É certamente importante fazer uma crônica da evolução genética do coronavírus (e de qualquer germe potencialmente perigoso) e identificar mutações potenciais que podem estar afetando a forma como o vírus interage com as pessoas. Mas cientistas e jornalistas devem ter cuidado para não exagerar nas implicações dessa pesquisa, que deve ser replicada e idealmente estudada por meio de experimentos que possam mostrar diretamente os efeitos de uma mutação.

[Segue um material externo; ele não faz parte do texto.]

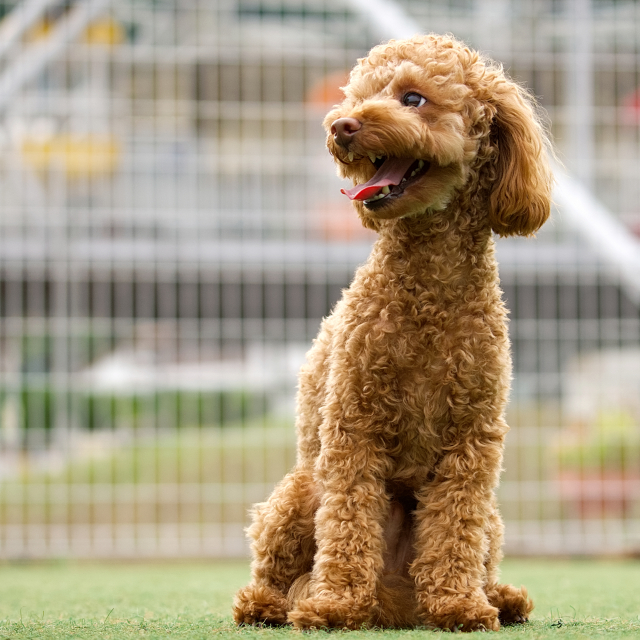 洋服に付いたペットの毛 簡単に効率よく取る裏技 毛がつきにくい素材 トイプードル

Vírus e bactérias sofrem mutações o tempo todo e, na maioria das vezes, elas não mudam muita coisa. Mesmo que uma mutação possa ter um efeito benéfico para um germe, ela ainda precisa ser amplamente transmitida, o que não é certeza de acontecer. Por exemplo, uma mutação que torna um germe melhor em se replicar pode não fazer com que ele se espalhe mais, porque também pode deixar o hospedeiro mais doente, a ponto de ele morrer antes de transmitir a infecção para outras pessoas.

David Morens, epidemiologista e consultor científico do Instituto Nacional de Alergia e Doenças Infecciosas dos EUA, discutiu o estudo de Houston com o Washington Post, dizendo: “Usar máscaras, lavar as mãos, todas essas coisas são barreiras para a transmissibilidade ou contágio, mas como o vírus se torna mais contagioso, estatisticamente, ele fica melhor para contornar essas barreiras.”

Infelizmente, alguns meios de comunicação pegaram essa declaração e correram com ela. A manchete da Fox News foi: “Mutação do coronavírus pode contornar as proteções de usar máscara e lavar as mãos.” Não é bem assim.

Uma mutação amplamente disseminada no coronavírus pode definitivamente afetar quaisquer tratamentos ou vacinas potenciais que estamos desenvolvendo contra ele. Mas até agora, não vimos evidências disso. E é seguro dizer que os vírus não tendem a criar mãozinhas que podem romper barreiras físicas como máscaras. Da mesma forma, ninguém está preocupado com o fato de o vírus se tornar imune a água e sabão.

As coisas sempre podem mudar e devemos estar preparados para o pior. Mas, neste momento, o vírus não parece ser uma ameaça maior — nem menor — do que o que estamos enfrentando desde os primeiros dias da pandemia.